Kurze Zeit später sind nicht nur Aleksandra und Alexander ein Paar, sondern auch ihre Idee ist Wirklichkeit geworden. Mit Hilfe des deutschen Investors Vielbrand (Udo Samel) und einer Gesellschaftergruppe, der auch ein katholischer und ein evangelischer Pfarrer angehören, wird der Versöhnungsfriedhof eingeweiht. Doch bald stellen sich Schwierigkeiten ein: auf unsensibel mit der Geschichte umgehende Grabinschriften folgen Nazi-Schmierereien auf dem Friedhof. Darüber hinaus kommt es unter den polnischen und deutschen Stiftungsmitgliedern zu Spannungen. Als das Projekt zum reinen Geschäft verkommt, erkennen Aleksandra und Alexander, dass von der ursprünglichen Idee nichts mehr übrig geblieben ist.

Die Verfilmung konzentriert sich auf die heiter-melancholische Liebesgeschichte, die von den zwei großartigen Schauspielern Matthias Habich und Krystyna Janda glaubwürdig dargestellt wird. Zu den Stärken der Filmadaption gehört darüber hinaus die Figur der alten Kaschubin Erna Brakub (Dorothea Walda), die „eigentlich die Personifizierung der Unke ist, die so ihre Fäden spinnt und die Begebenheiten lenkt und leitet“ (Matthias Habich).

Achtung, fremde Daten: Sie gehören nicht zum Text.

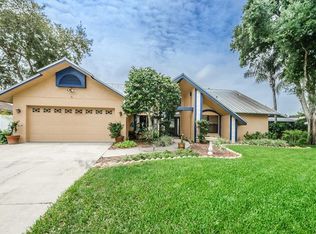 1704 Allens Ridge Dr N, Palm Harbor, FL 34683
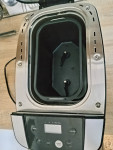 Gorenje aparat za peko kruha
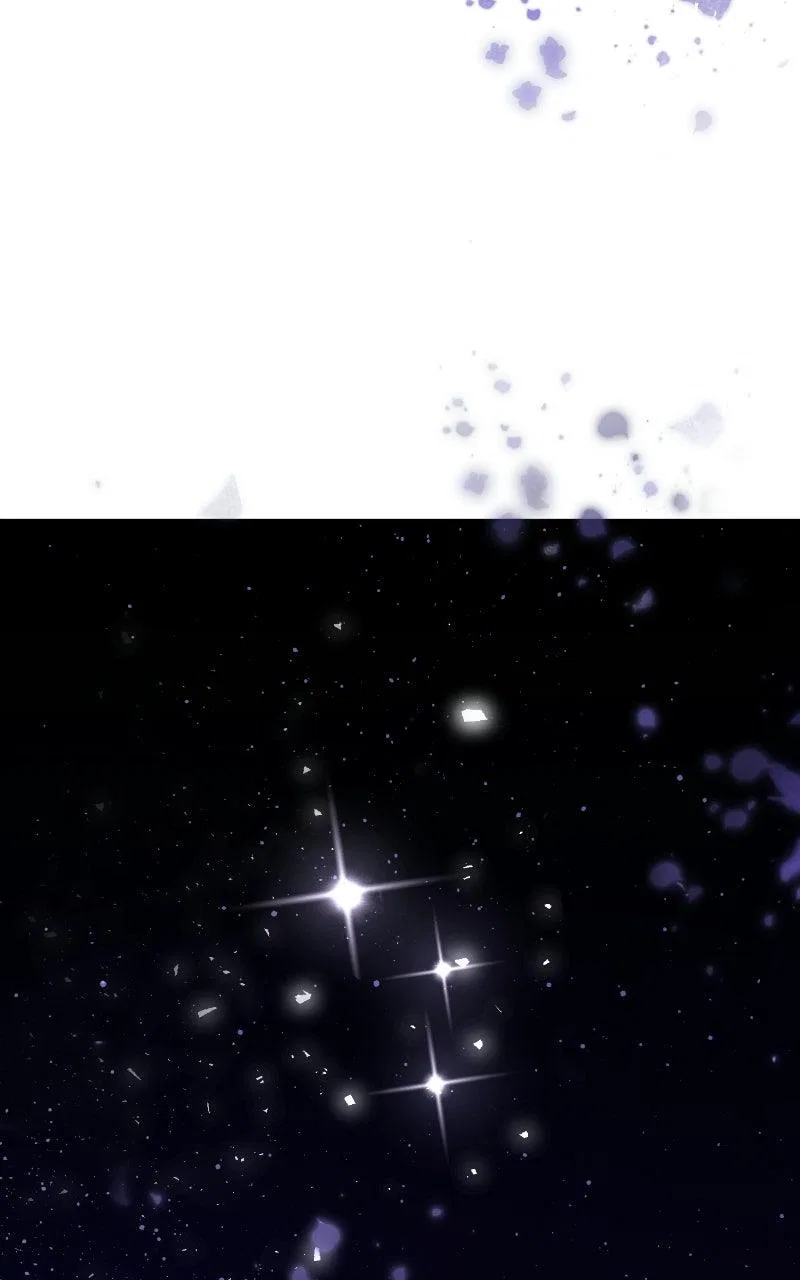 The Dark Lord’s Confession Chapter 145 – Page 38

Obwohl sich nach der Uraufführung in Danzig Günter Grass zufrieden zeigte – „Es gelingt dem Film, ein ernstes Thema heiter zu behandeln, ohne Schwere. Das gefällt mir, und das entspricht der Erzählung“ –, offenbart vor allem die Dramaturgie allzu deutliche Schwächen. So finden Regisseur Robert Glinski und das Drehbuchtrio Klaus Richter, Pawel Huelle und Cezary Harasimowicz kaum die richtigen Mittel, um die „Unkenrufe“ ins Bild zu setzen. Die Kröte etwa, die Reschke auf dem Weg nach Danzig in die Quere kommt, so dass er gegen die Leitplanke fährt, führt lediglich zur Darstellung gängiger Klischees, die sich freilich als haltlos erweisen.

Trotz renommierter Schauspieler bleiben darüber hinaus die Gesellschafter, etwa der polnische katholische (Zbigniew Zamachowski) und der deutsche evangelische Geistliche (Joachim Król), die um des Geschäfts willen ihre hehren Ideale beiseite schieben, holzschnittartige Figuren.

Ungeschickt in die Geschichte eingefügt sind indes vor allem die bräunlich eingefärbten Rückblenden zur Illustration von Reschkes Kindheit in Danzig. Dass ihn die Kameraden der Hitlerjugend „Unke“ nannten und ihn als Strafe für zu wenig eingesammelte Kartoffelkäfer eine solche Kröte schlucken ließen, wirkt reichlich bemüht.